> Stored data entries
::::::::

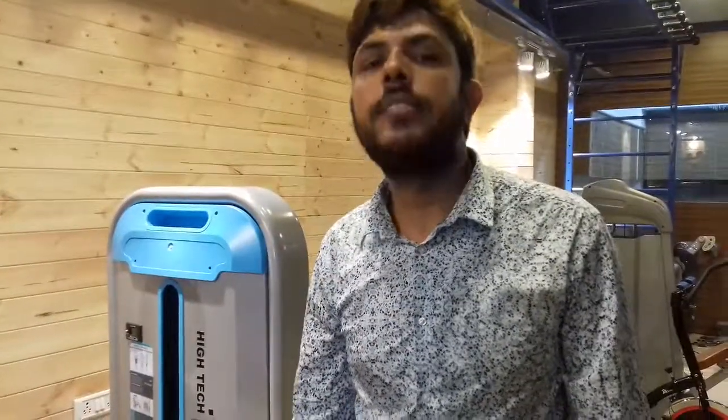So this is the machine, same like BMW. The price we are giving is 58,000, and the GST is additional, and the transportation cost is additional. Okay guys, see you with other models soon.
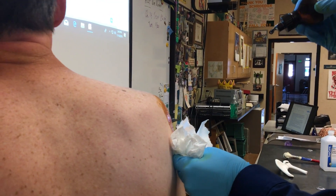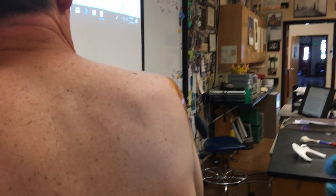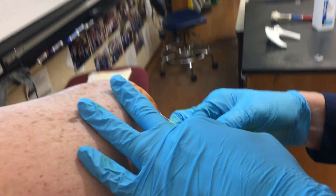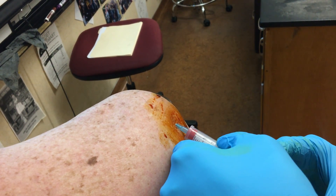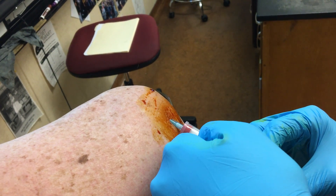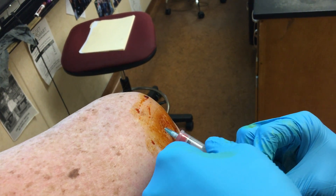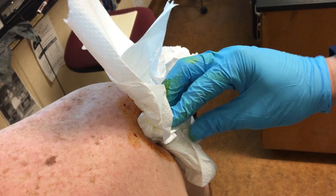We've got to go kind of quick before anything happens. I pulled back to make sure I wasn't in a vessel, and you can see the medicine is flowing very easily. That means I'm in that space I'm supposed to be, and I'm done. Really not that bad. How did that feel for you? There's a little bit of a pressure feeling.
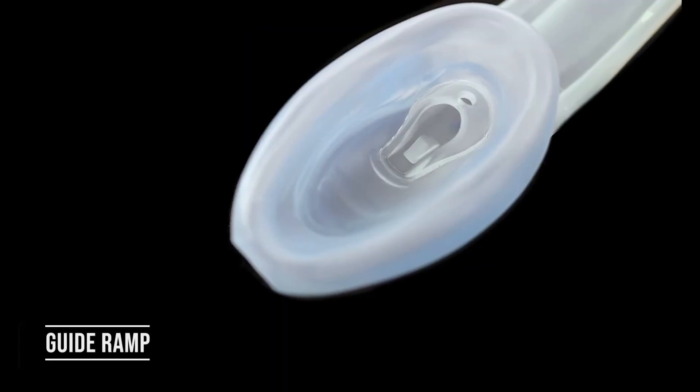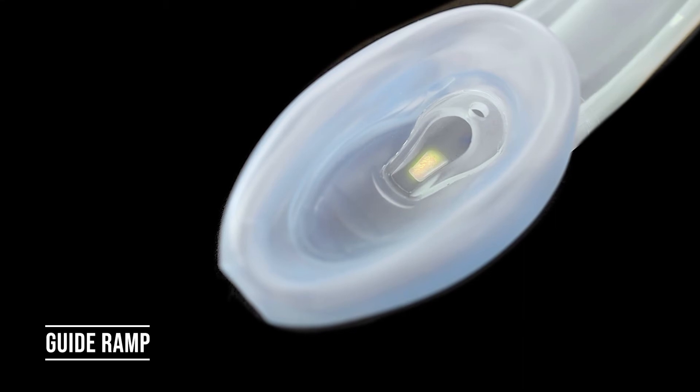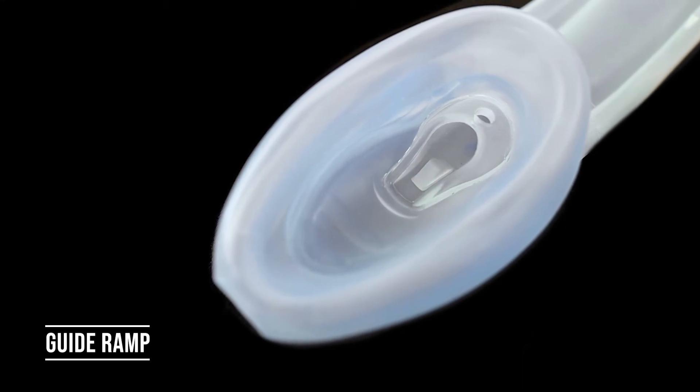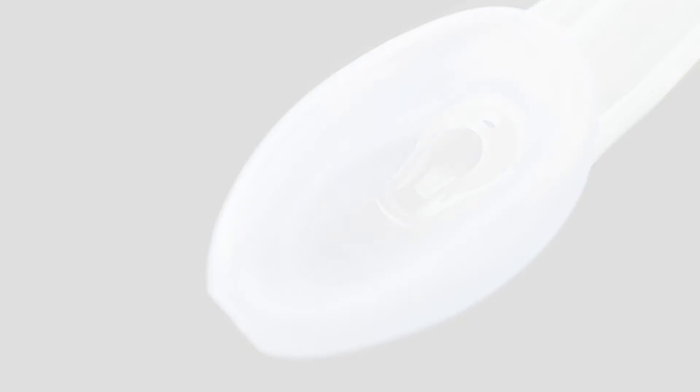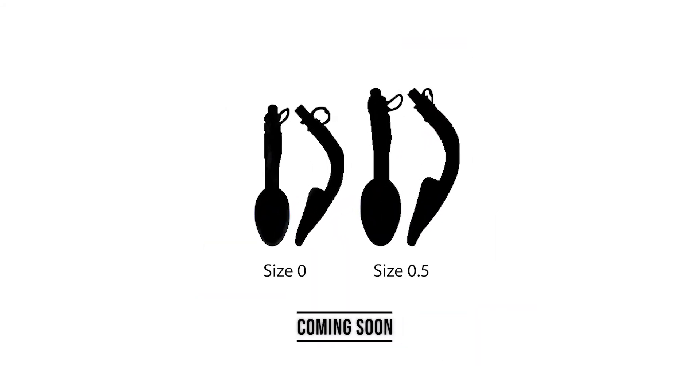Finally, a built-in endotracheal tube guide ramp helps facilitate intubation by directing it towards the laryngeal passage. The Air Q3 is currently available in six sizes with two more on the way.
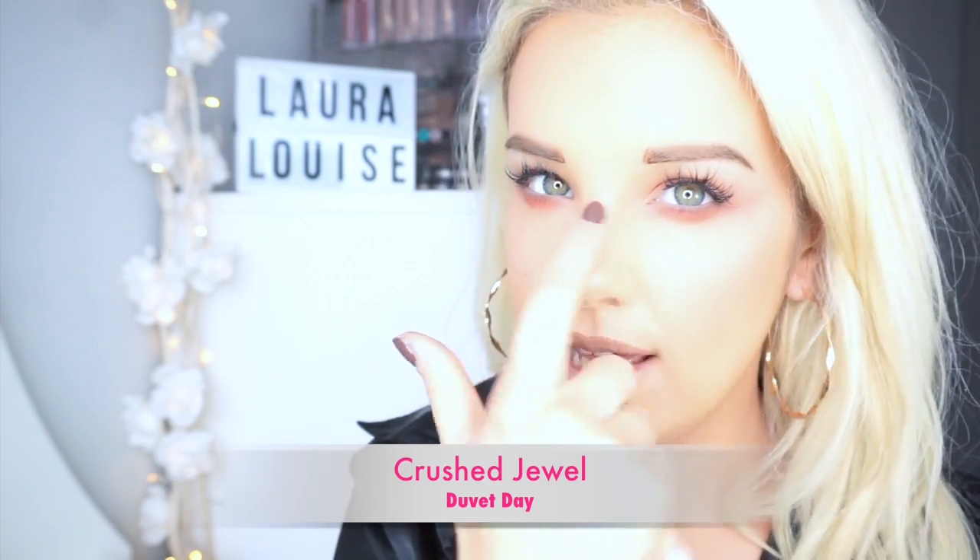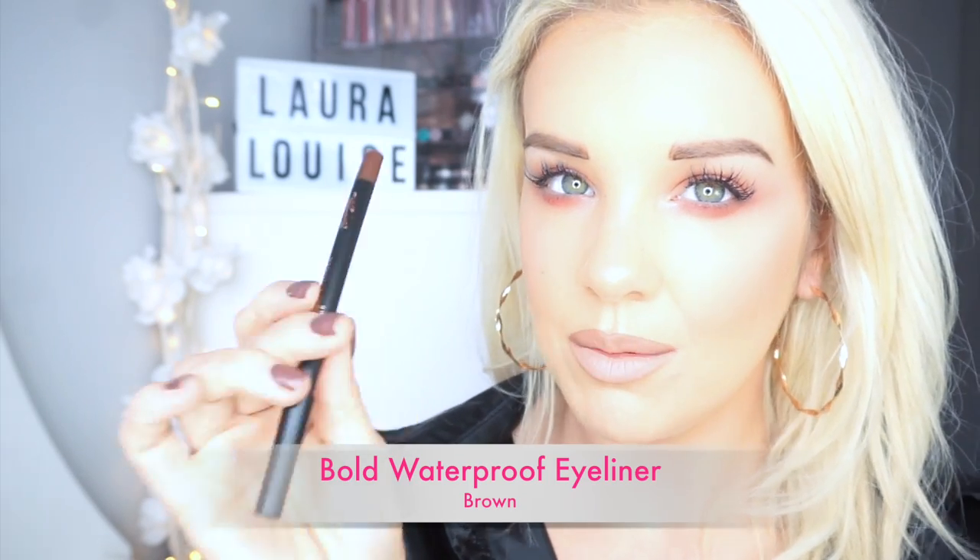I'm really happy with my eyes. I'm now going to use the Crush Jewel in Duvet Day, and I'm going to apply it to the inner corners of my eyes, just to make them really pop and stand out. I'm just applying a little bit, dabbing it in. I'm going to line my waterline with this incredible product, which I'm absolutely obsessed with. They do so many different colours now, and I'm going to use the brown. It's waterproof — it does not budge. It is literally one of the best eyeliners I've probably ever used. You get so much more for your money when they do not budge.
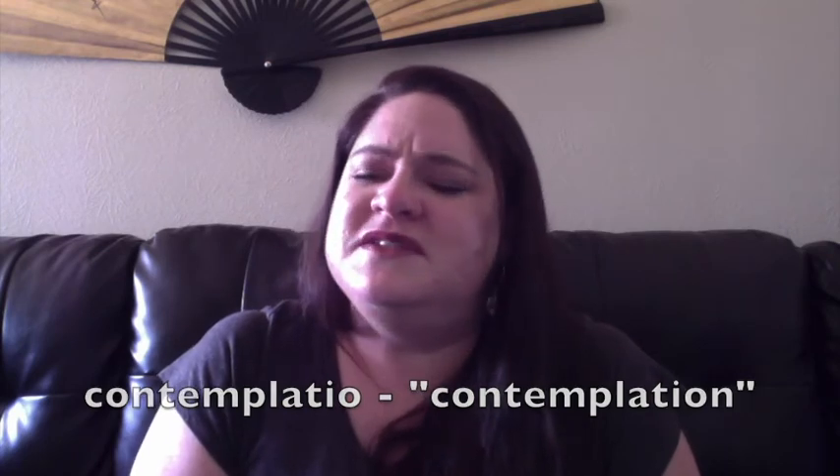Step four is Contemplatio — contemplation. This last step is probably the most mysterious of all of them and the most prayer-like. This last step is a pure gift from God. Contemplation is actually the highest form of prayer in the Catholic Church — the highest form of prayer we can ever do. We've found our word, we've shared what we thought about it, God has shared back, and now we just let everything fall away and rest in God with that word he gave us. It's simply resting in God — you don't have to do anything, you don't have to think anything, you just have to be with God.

::::::::

> EXERCISE GOAL
Omit the pictures, then output every record exactly as given.

> RESULT
So this is the machine, same like BMW. The price we are giving is 58,000, and the GST is additional, and the transportation cost is additional. Okay guys, see you with other models soon.
We've got to go kind of quick before anything happens. I pulled back to make sure I wasn't in a vessel, and you can see the medicine is flowing very easily. That means I'm in that space I'm supposed to be, and I'm done. Really not that bad. How did that feel for you? There's a little bit of a pressure feeling.
Finally, a built-in endotracheal tube guide ramp helps facilitate intubation by directing it towards the laryngeal passage. The Air Q3 is currently available in six sizes with two more on the way.
I'm really happy with my eyes. I'm now going to use the Crush Jewel in Duvet Day, and I'm going to apply it to the inner corners of my eyes, just to make them really pop and stand out. I'm just applying a little bit, dabbing it in. I'm going to line my waterline with this incredible product, which I'm absolutely obsessed with. They do so many different colours now, and I'm going to use the brown. It's waterproof — it does not budge. It is literally one of the best eyeliners I've probably ever used. You get so much more for your money when they do not budge.
Step four is Contemplatio — contemplation. This last step is probably the most mysterious of all of them and the most prayer-like. This last step is a pure gift from God. Contemplation is actually the highest form of prayer in the Catholic Church — the highest form of prayer we can ever do. We've found our word, we've shared what we thought about it, God has shared back, and now we just let everything fall away and rest in God with that word he gave us. It's simply resting in God — you don't have to do anything, you don't have to think anything, you just have to be with God.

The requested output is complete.